Page MenuHomePhabricator

Design notes for scalable and cost-effective revision archival storage
Closed, DeclinedPublic

Description

As part of T120171, we are moving towards separating current revision storage from those of old revisions. This task is exploring requirements and design options for old revision storage.

Requirements

  • Reasonable, predictable access latency.
  • Sufficient read throughput to sustain HTML dump and research use cases.
  • Reliable, low-maintenance, and cost-effective storage system.

Design considerations

  • When using Cassandra, avoid wide row and tombstone issues described in T144431.
  • Revisions are extremely repetitive. We investigated efficient compression algorithms in T122028, and found that we can compress HTML revisions of an article down to 2-3% of its raw size when laying out multiple revisions in a single, multi-megabyte compression block.
  • Efficient listings are optional. Access by revision is the norm.

Update patterns

To simplify the implementation & improve performance, we would like to avoid any deletes & overwrites. To this end, one of these update strategies can be employed:

  1. Store only one (the first) render per revision. In the case of the cur / old split, this means that a new render would only be stored if the current table did not return any match.
  2. Store only one render per <time unit>. Checks the timestamp of the last entry for a title in the old table, and saves a new render if that timestamp is more than <time unit> in the past.

Options

Compression blocks and metadata table

Outline: Store up to <n> revisions for a key in a single compression block (Cassandra row) to achieve a high compression ratio. Limit compression block size to avoid wide rows in the content table.
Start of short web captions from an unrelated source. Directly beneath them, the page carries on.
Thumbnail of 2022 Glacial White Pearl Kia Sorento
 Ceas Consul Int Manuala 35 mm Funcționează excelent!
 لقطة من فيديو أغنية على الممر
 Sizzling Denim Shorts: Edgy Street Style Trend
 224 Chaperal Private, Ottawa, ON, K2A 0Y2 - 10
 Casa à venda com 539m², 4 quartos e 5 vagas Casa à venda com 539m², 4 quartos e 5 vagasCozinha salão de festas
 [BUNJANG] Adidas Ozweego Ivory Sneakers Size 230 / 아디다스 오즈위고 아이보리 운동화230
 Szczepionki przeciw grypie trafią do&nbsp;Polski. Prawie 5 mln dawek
  • Add a metadata table along these lines: key (hash) | rev | tid | count (static) | block, with count being a static integer counter, and block being an integer identifying the compression block the actual content is stored under.
  • The storage table is structured as (key | block) | rev | tid | (content). (key | block) is a composite hash key.

Write procedure:

  • Read static per-key counter from metadata table. Calculate target block number with <count> div <blocksize> (config var). Store actual content in storage table, using the target block number. Add a metadata entry for the revision, recording the block number, and increment the static per-title counter (same query).

Read procedure:

  • Read block number for key / rev / tid from metadata table.
  • Read storage entry for key, block, rev, tid, content from content table.

Potential issues

  • The metadata table will still have wide rows. However, the table is very skinny, and there are no overwrites or deletions. If we would like to avoid this, we could instead create two metadata tables:
    • One table holding a single counter per key.
    • A second table holding the mapping from (key, rev) | tid to block id. With (key, rev) being a composite hash key, rows are limited in width to the number of renders we keep per revision. Even if we store one render per day for a page that is *never* edited, we would end up with only about 3650 entries in ten years. Considering the narrow metadata table schema, this seems unlikely to cause problems.